[THE PROBLEM] In the entries below, the lines from the one with "A-C-T 24inch 15hp Dust Blower With Pipe" through the one with "Susaeta Gran ABC Dominicano" are to be copied exactly; both ends count.

[DATA SUPPLIED]
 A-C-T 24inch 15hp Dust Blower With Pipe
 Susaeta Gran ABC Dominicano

* * *

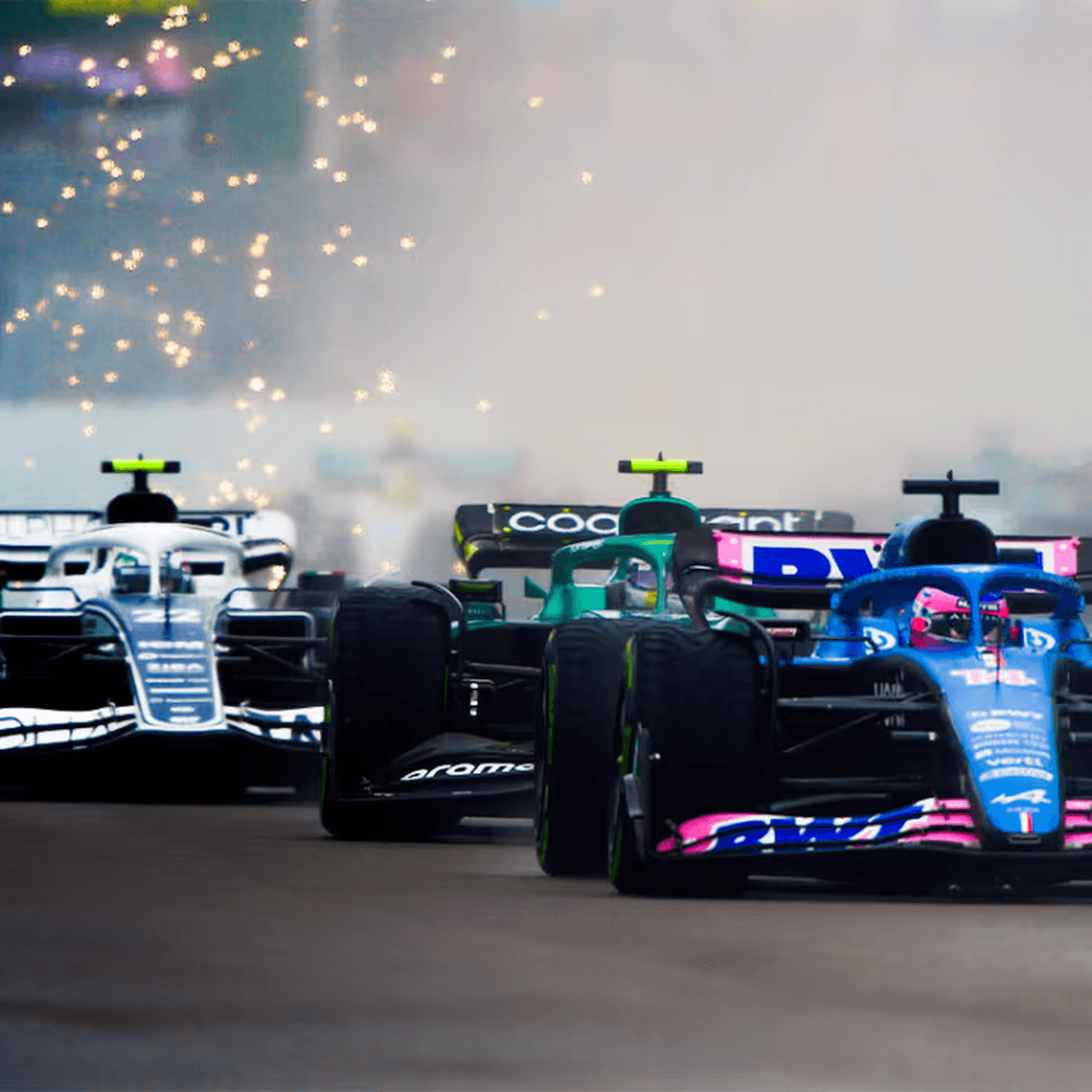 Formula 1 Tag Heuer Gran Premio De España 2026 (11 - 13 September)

==

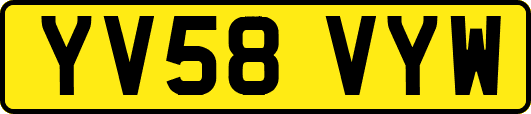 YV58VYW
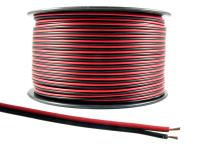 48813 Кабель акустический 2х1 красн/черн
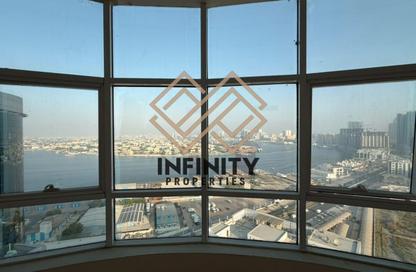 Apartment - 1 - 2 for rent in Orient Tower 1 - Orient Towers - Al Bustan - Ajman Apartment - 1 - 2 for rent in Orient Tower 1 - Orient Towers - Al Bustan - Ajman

[RESPONSE]
 A-C-T 24inch 15hp Dust Blower With Pipe
 Susaeta Gran ABC Dominicano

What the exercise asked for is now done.